In major news in the crypto and institutional finance world, tokenized money funds are stepping up to help large traders learn to put serious capital to work on exchanges without risking it all by leaving assets sitting on the platform.
Franklin Templeton and Binance are teaming up on a fresh program that’s already live, where big players can now leverage tokenized money funds. Quite specifically, tokenized shares from Franklin Templeton’s Benji platform as collateral for trading on Binance.
But here’s the fun part: underlying assets never actually hit the exchange. They stay safely tucked away in regulated, off-exchange custody.
Instead of wiring over cash or crypto and hoping for the best, institutions pledge their tokenized money funds held with a trusted custodian.
Binance mirrors that collateral value right in its trading system, so clients can trade aggressively while the actual assets remain protected outside the platform. No more parking huge balances on centralized venues.

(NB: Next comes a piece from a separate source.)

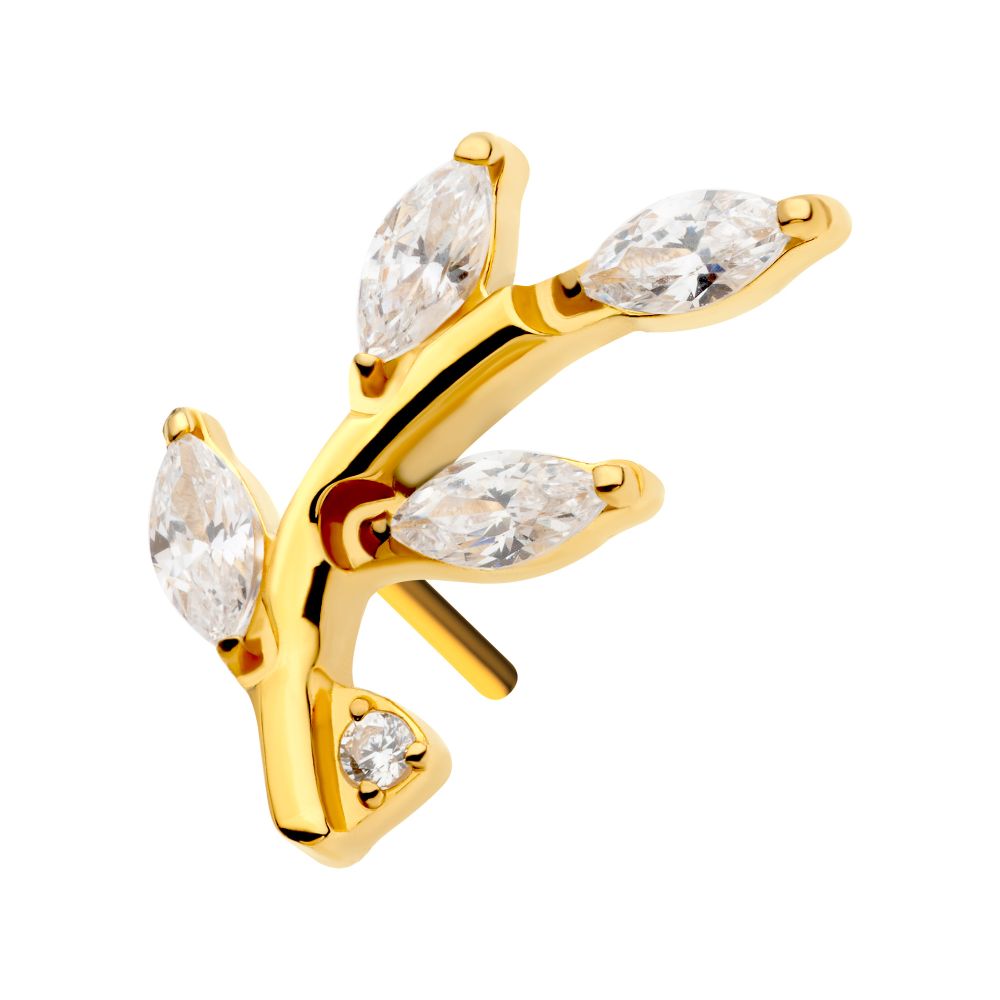 24Kt-Gold PVD Threadless Prong Set Marquise CZ Leaf Top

This setup directly tackles the counterparty nightmares we’ve seen from past exchange blowups and custody scares. Institutions have been hesitant to commit big money to platforms after those lessons, but tokenized money funds offer a smarter path forward and cut risk while keeping everything compliant and secure.
Those pledged assets keep earning yield, boosting overall capital efficiency compared to the old way of letting balances gather dust on an exchange.

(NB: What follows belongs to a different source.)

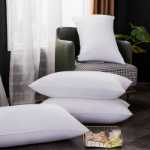 5성급 호텔 침구 화이트 다운 베개 코튼 깃털 방지 천 메밀 베개의 그림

Custody and smooth settlement come courtesy of Ceffu, Binance’s go-to institutional custody partner. They hold the tokenized money funds in a regulated setup, making sure everything stays rock-solid even as it’s used for active trading.
This collaboration is part of a bigger trend where traditional asset managers and banks are tweaking proven cash and liquidity tools like these money market funds for the tokenized era, rather than starting from scratch with pure crypto-native products.
The regulatory winds are shifting towards tokenized money funds
Just this week, SEC Commissioner Mark Uyeda highlighted that the agency needs to steer clear of throwing up “unnecessary roadblocks” as tokenization shifts from concept to real-world trading reality.
As such, tokenized money funds are proving they can bridge traditional finance and digital markets in a way that’s secure, efficient, and ready for prime time.